§ PROBLEM
Go through the following data and transcribe exactly the stretch of lines from the one holding "New 2026 Chevrolet" to the one holding "ヒスパニア女神/ポストゥミウス・アルビヌス", both included.

§ SOURCE INFORMATION
════

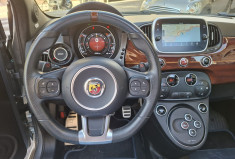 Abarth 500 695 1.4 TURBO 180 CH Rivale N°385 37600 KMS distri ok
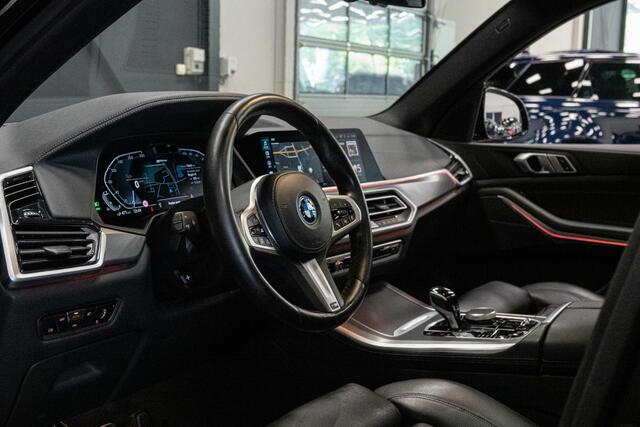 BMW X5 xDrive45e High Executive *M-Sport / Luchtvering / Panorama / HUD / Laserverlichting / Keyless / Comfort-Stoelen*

════

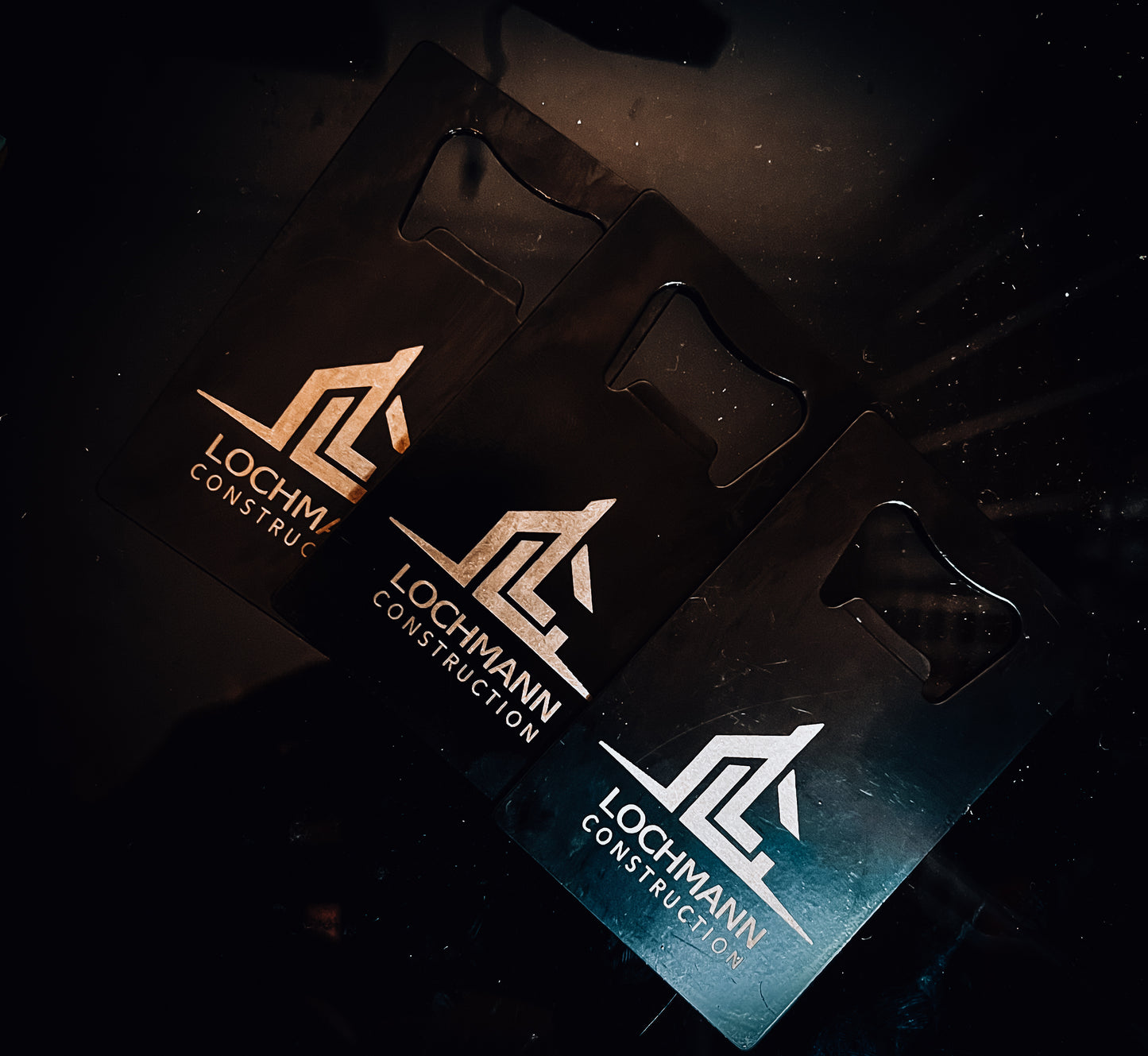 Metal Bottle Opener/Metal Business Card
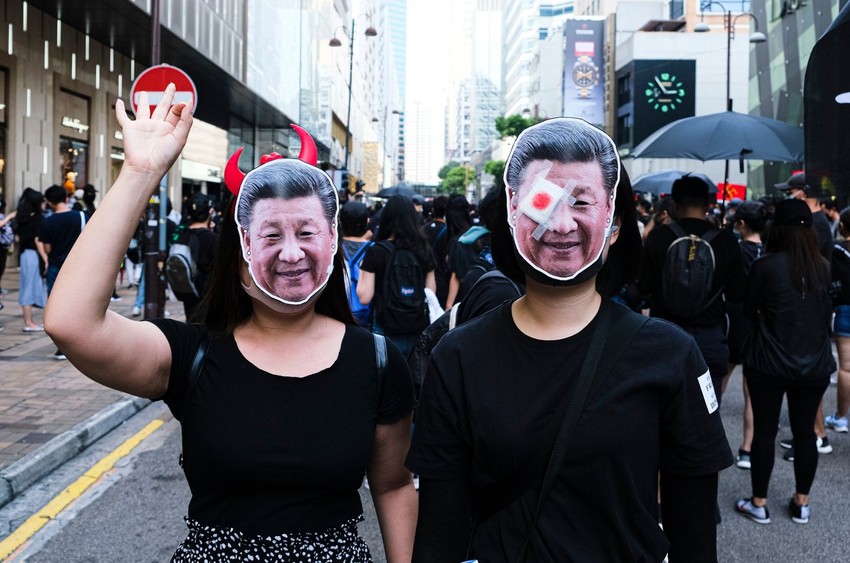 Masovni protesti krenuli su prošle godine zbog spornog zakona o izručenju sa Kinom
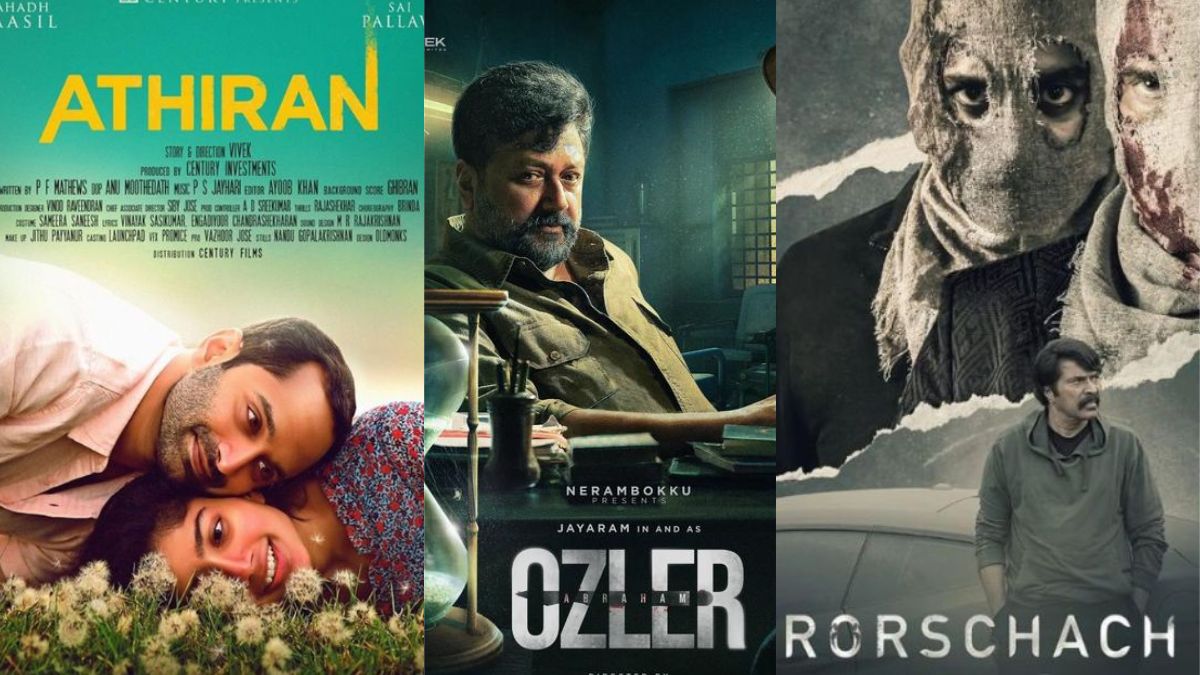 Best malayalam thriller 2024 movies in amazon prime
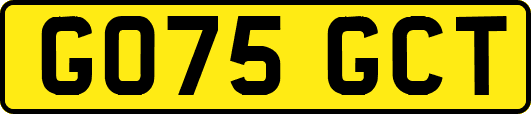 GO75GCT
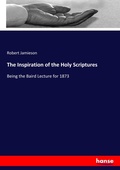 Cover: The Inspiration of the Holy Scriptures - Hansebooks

════

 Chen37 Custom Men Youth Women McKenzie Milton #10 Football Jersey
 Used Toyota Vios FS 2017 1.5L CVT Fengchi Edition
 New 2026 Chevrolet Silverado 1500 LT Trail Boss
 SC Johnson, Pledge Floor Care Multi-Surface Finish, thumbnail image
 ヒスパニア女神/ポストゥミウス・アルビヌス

════

§ OUTPUT OF THE TASK
 New 2026 Chevrolet Silverado 1500 LT Trail Boss
 SC Johnson, Pledge Floor Care Multi-Surface Finish, thumbnail image
 ヒスパニア女神/ポストゥミウス・アルビヌス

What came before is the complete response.